Island in South Australia

St Peter Island (originally in Eyland St. Pierre) is an island in the Nuyts Archipelago on the west coast of Eyre Peninsula in South Australia near Ceduna. It is the second largest island in South Australia and about 13 km long. It was one of the first parts of South Australia to be discovered and named by Europeans, along with St Francis Island, mapped by François Thijssen in 't Gulden Zeepaert in 1627.

Seal hunting took place on the island in the 1820s and 1830s.

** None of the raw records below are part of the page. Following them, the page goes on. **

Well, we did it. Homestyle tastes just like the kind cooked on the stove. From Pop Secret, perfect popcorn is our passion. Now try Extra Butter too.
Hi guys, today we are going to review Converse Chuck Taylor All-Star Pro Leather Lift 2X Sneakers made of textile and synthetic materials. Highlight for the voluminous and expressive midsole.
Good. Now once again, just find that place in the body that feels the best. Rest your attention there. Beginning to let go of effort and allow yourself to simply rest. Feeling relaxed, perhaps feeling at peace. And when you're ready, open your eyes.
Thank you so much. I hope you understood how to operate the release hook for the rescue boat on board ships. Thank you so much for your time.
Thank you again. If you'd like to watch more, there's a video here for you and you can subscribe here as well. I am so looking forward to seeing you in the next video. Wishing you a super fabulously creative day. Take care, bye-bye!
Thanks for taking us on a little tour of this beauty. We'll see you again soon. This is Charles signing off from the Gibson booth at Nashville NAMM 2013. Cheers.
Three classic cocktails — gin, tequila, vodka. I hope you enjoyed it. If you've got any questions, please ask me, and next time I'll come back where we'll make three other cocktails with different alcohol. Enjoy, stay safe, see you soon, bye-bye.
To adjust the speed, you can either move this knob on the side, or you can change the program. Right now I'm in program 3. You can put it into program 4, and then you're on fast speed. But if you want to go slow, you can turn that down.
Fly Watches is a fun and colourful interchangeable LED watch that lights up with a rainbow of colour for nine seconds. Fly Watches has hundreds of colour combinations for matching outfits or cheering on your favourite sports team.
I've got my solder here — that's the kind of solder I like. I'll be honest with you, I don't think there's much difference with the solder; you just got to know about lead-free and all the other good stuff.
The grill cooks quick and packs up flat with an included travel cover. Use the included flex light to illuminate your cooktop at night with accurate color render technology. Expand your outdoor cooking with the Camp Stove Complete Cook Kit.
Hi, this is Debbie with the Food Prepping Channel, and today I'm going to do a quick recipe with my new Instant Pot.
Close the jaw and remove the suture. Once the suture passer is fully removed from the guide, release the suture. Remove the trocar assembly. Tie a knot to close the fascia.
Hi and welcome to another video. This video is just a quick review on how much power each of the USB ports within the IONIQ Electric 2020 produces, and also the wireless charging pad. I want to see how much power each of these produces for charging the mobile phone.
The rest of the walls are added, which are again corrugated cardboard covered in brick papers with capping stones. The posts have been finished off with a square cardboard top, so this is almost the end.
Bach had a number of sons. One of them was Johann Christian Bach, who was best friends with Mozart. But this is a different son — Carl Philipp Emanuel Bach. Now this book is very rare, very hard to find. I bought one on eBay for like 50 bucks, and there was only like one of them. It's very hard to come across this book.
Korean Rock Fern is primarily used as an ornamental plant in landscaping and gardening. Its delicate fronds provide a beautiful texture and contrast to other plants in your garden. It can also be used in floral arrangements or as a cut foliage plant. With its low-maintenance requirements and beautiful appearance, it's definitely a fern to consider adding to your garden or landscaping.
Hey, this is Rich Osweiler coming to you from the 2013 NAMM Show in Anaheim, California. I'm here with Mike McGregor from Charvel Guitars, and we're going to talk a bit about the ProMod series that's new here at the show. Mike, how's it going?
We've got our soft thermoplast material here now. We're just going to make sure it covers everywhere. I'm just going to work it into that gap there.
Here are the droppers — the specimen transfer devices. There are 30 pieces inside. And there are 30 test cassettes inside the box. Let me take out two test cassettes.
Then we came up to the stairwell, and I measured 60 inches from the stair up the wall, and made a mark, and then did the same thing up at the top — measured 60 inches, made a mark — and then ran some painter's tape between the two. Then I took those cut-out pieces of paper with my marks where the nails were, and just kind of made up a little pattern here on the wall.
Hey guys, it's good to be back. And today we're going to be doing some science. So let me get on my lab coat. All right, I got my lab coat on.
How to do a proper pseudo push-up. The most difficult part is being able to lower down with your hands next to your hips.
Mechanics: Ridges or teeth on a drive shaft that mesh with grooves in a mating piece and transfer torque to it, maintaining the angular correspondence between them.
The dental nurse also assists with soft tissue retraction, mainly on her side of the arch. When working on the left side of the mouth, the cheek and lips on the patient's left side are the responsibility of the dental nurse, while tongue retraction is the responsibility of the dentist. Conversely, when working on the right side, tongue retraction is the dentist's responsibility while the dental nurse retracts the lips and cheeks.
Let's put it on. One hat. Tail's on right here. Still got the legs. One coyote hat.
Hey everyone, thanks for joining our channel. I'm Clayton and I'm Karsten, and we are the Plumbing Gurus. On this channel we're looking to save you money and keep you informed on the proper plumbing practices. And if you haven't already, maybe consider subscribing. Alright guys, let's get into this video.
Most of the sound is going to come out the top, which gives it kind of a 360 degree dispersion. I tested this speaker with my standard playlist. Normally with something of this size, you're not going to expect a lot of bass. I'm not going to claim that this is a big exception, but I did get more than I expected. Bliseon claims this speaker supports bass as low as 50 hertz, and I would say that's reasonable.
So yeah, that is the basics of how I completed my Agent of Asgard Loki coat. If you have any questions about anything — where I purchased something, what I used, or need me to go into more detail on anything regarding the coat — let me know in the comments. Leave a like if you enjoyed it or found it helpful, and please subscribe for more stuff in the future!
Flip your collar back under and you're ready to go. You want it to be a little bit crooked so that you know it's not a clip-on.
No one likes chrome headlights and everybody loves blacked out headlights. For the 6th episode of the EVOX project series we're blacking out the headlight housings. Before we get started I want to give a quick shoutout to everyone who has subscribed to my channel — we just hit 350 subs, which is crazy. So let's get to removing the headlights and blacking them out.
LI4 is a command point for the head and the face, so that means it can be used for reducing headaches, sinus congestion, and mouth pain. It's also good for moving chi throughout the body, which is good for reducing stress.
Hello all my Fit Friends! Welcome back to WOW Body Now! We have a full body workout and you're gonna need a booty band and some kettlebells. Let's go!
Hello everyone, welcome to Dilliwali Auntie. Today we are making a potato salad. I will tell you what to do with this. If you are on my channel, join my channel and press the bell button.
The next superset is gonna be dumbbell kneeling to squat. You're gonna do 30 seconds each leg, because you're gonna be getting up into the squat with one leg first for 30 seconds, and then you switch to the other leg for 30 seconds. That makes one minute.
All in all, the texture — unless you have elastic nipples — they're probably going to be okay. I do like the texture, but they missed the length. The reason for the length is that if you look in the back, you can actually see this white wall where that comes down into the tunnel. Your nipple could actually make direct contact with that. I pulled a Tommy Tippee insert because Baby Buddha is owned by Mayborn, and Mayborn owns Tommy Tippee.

Archaeological investigations have also located whale vertebra at the site.

The historic St Peter Island Whaling Sites are listed on the South Australian Heritage Register as a designated place of archaeological significance.

==Protected area status==
===Statutory reserves===
The island is part of the Nuyts Archipelago Conservation Park while the waters surrounding its shores are in the Nuyts Archipelago Marine Park.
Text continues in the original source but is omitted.